Apparently, the folks at Larrikin Music noticed a similarity between the flute riff of this popular classic and a children’s song written in 1932 by Marion Sinclair, an Australian music teacher. Her song, entitled “Kookaburra Sits in the Old Gum Tree,” has since become a popular favorite among schoolchildren down under. Unlike the inspired lyrics written by Colin Hay and Ron Strykert of Men at Work, however, Sinclair’s lyrics are rather more simplistic. “Kookaburra sits in the old gum tree/Merry merry king of the bush is he/Laugh, Kookaburra, laugh, Kookaburra/Gay your life must be!”
After studying Larrikin Music’s request for 60% of the royalties from “Down Under,” Federal Court Justice Peter Jacobson said he considered it excessive, overreaching, and unrealistic, judging that the band would only have to pay 5% of money earned from the song since 2002 and future royalties. Even so, this judgment is still expected to net Larrikin Music a six-figure sum.
A better riff
Those in the machine-vision and image-processing industries might predict where my tale is headed. Indeed, I have previously expounded on intellectual property, patent infringements, the lawsuits that surround them, not to mention the amount of wasted time and energy that occurs when such lawsuits are filed. Nowhere is this litigation more apparent than in the software industry, where every year it seems one company sues another for patent infringement.
However, it seems to me that those involved in attempting to stifle the innovation of others by using these techniques have missed the big picture. Today, many software manufacturers offer sophisticated machine-vision and image-processing packages that can be used to perform a number of different functions. In purchasing and deploying these software packages, a system integrator may use very few of the function calls or graphical libraries to perform a specific task.
Despite this, the system developer must still purchase a fully featured machine-vision or image-processing package. Rather than offering multiple functions within these packages, software vendors could develop more modular software packages, allowing system developers—and possibly even rival software vendors—to choose which functions they wish to perform and incorporate these functions into their own software packages.
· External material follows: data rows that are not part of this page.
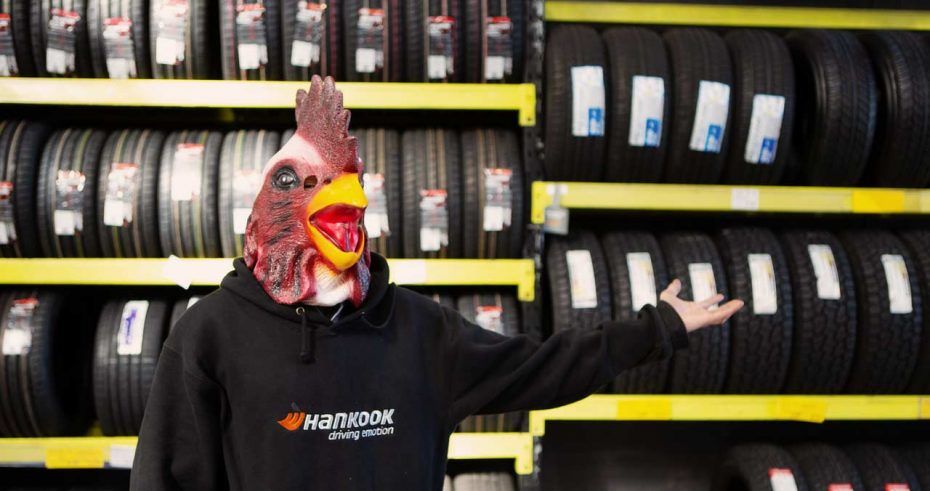 Budget Tyres employee showing off their cheap and affordable tyre range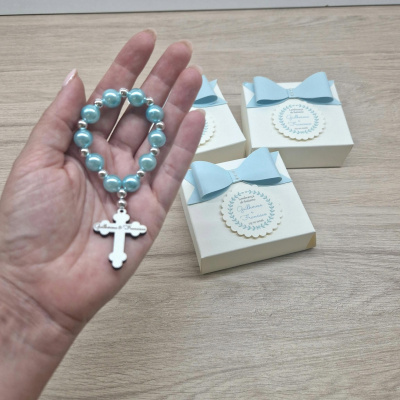 Pulseira azul com cruz prateada e caixas com laços azuis e etiquetas em madeira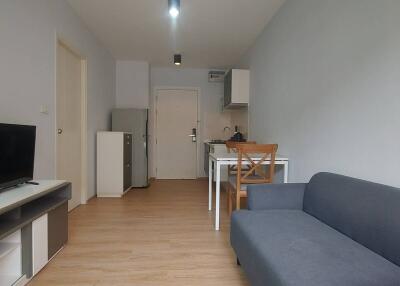 Living room with a couch, dining area, and a kitchen in the background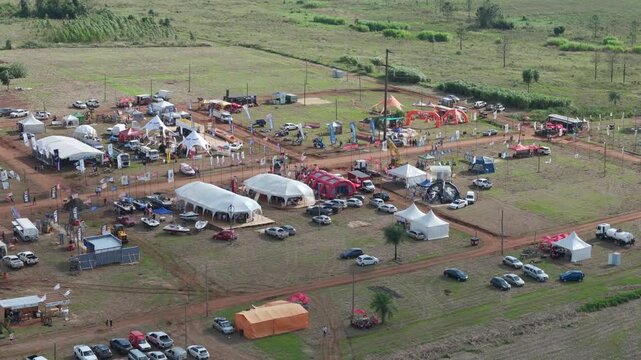 Tents and cars of merchants at the forest farmers market. Misiones Posadas Miguel Lanús. Argentina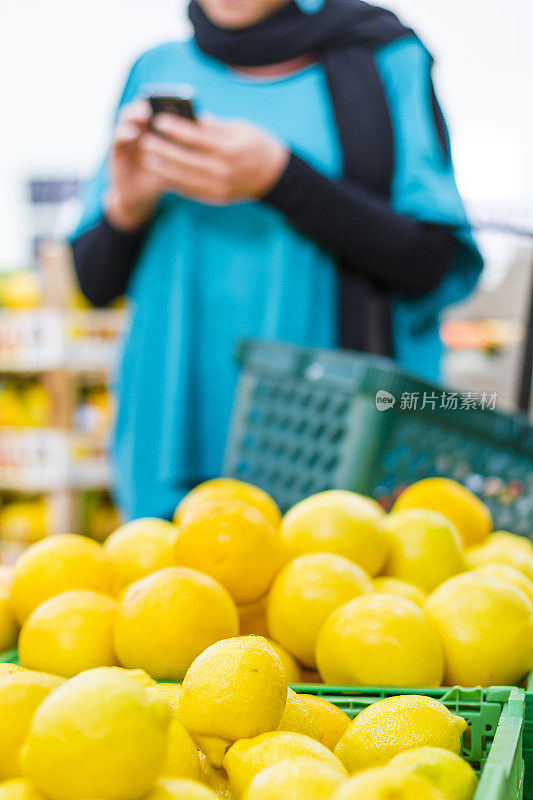 在超市里用智能手机的女人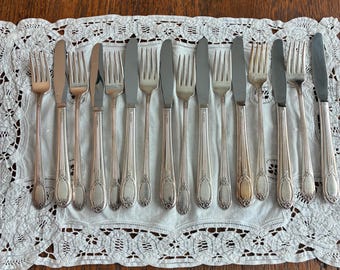 May include: A collection of fourteen silver-toned metal flatware pieces, including seven dinner knives and seven forks, arranged in an alternating pattern on a white rectangular lace doily with intricate floral embroidery.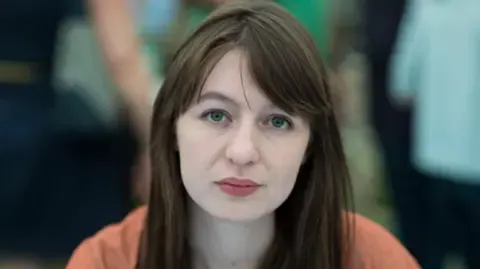 Irish author Sally Rooney claims she is unable to travel to the UK due to arrest fears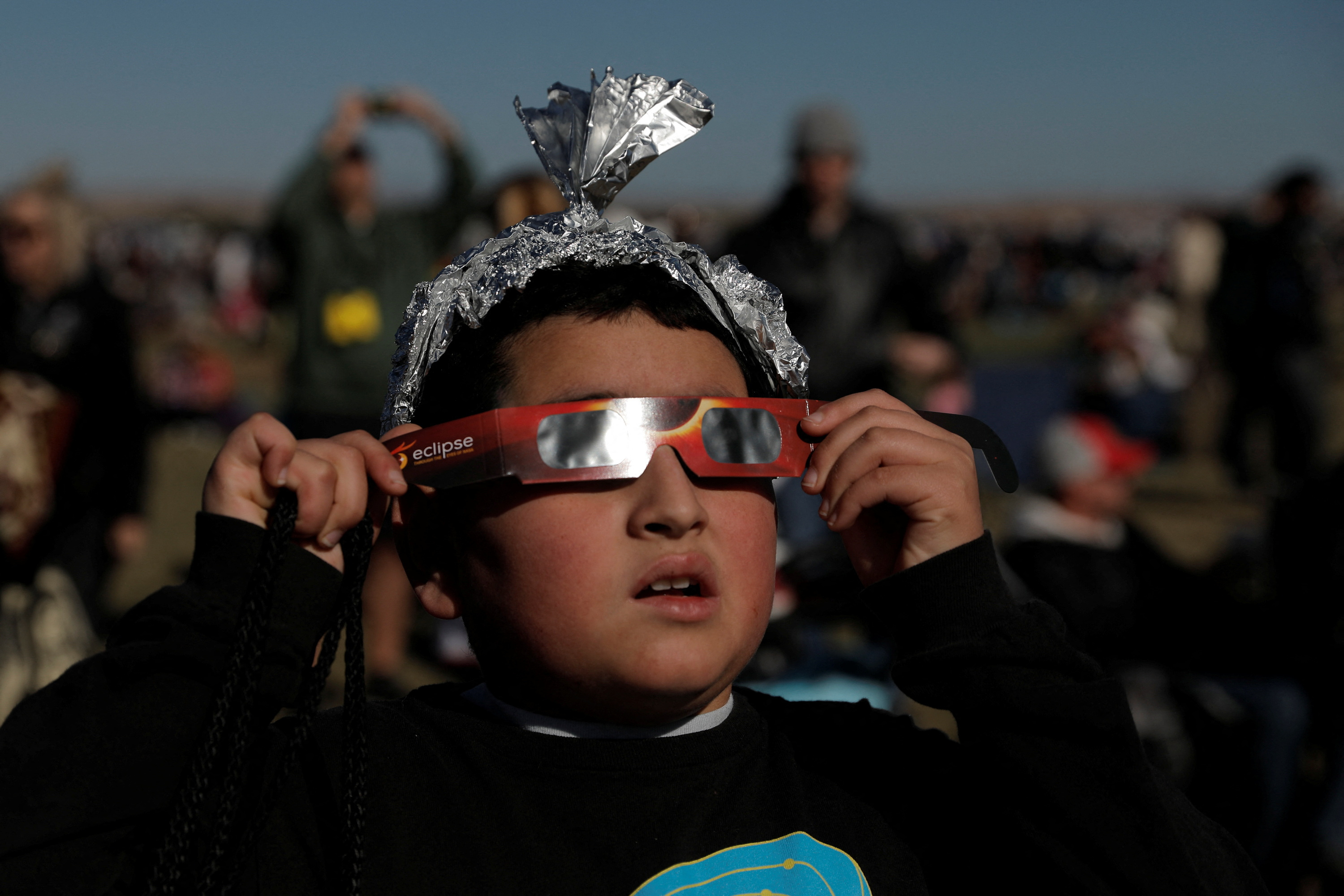 Ten-year-old Ezra Martinez watches the annular solar eclipse at the Albuquerque International Balloon Fiesta in Albuquerque, New Mexico, U.S., October 14, 2023. REUTERS/Adria Malcolm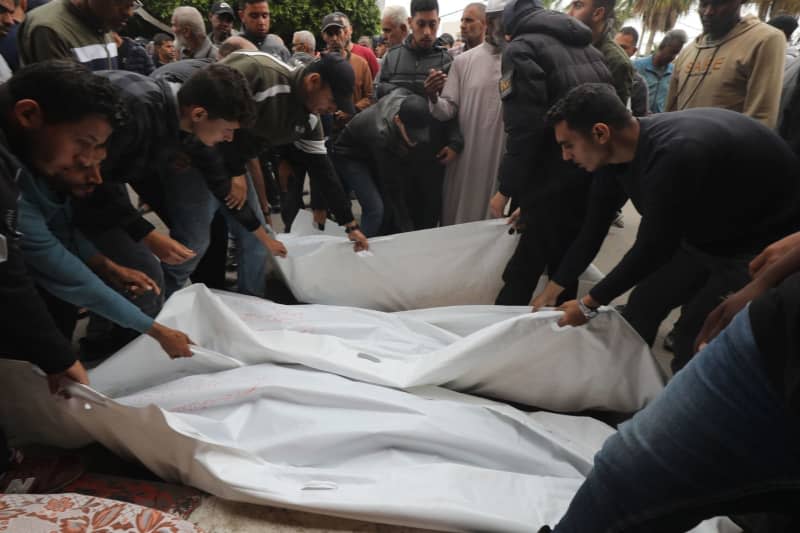 Relatives of the Palestinians killed in Israeli attacks, prepare the dead bodies, after receiving them from the morgue of Al-Aqsa Hospital, for burial in Dair El-Balah. Omar Ashtawy/APA Images via ZUMA Press Wire/dpa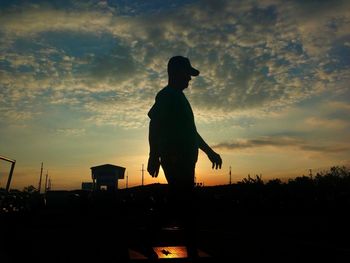 Silhouette man walking against cloudy sky during sunset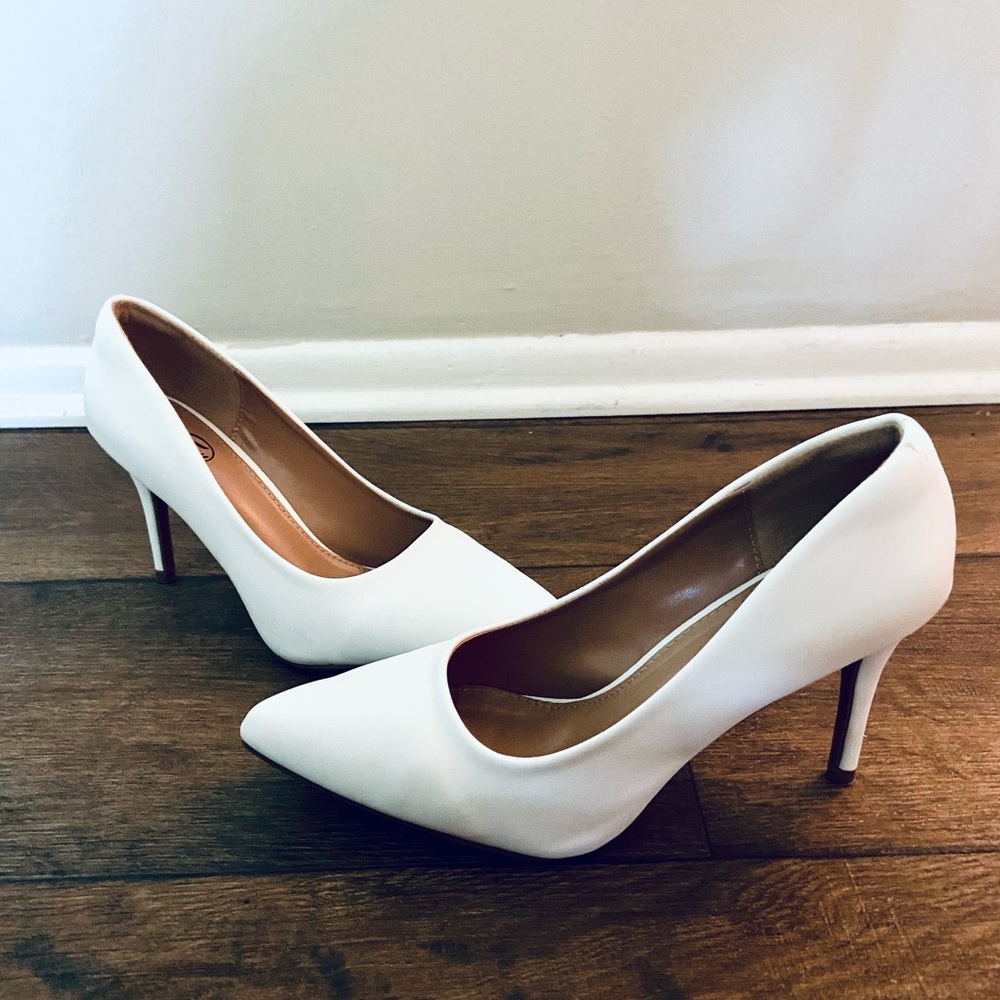White pointy heels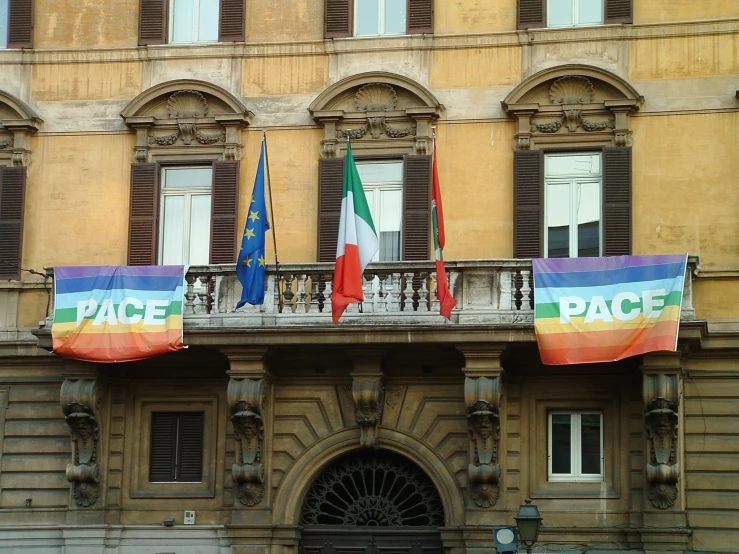 several flags are lined up outside of a building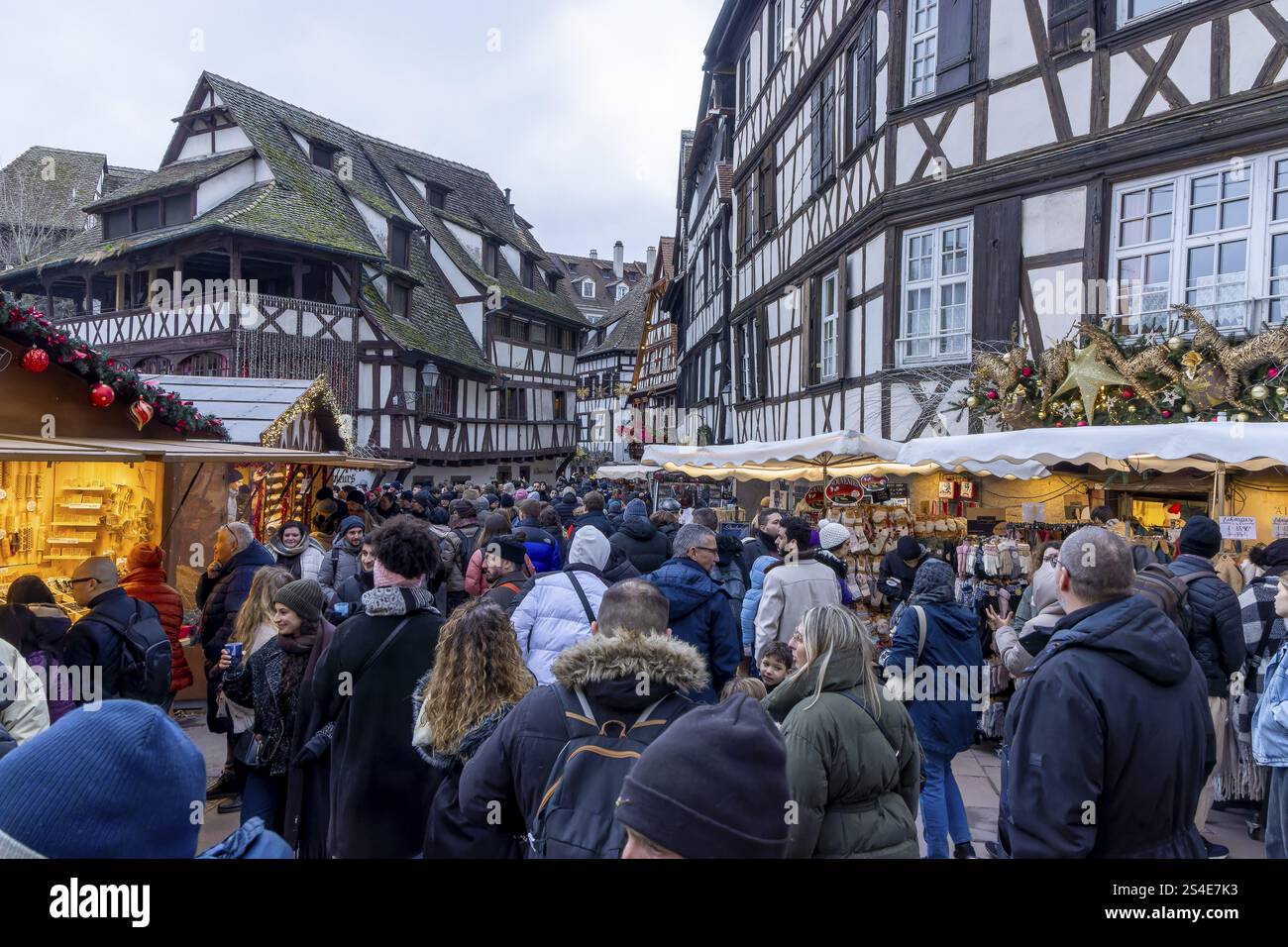 I turisti passeggiano attraverso il mercatino di Natale circondato da case a graticcio nella città vecchia, la Petite France, Strasburgo, Alsazia, dipartimento Ba Foto Stock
In this way the system integrator would be offered a lower-cost solution.
When systems were then sold to the end user, the system developer would pay a less expensive up-front fee to the software vendors and a percentage of royalties, based on the amount of software code used and the number of systems sold.
This concept is well known in the music industry where many composers in the music industry now “sample” other artists’ music in their “original” works. Just as the borrowed flute riff in “Down Under” will possibly net Larrikin Music a six-figure sum, code sampling could increase the sales of software, while hopefully reducing the amount of litigation that now occurs in the machine-vision and image-processing industry.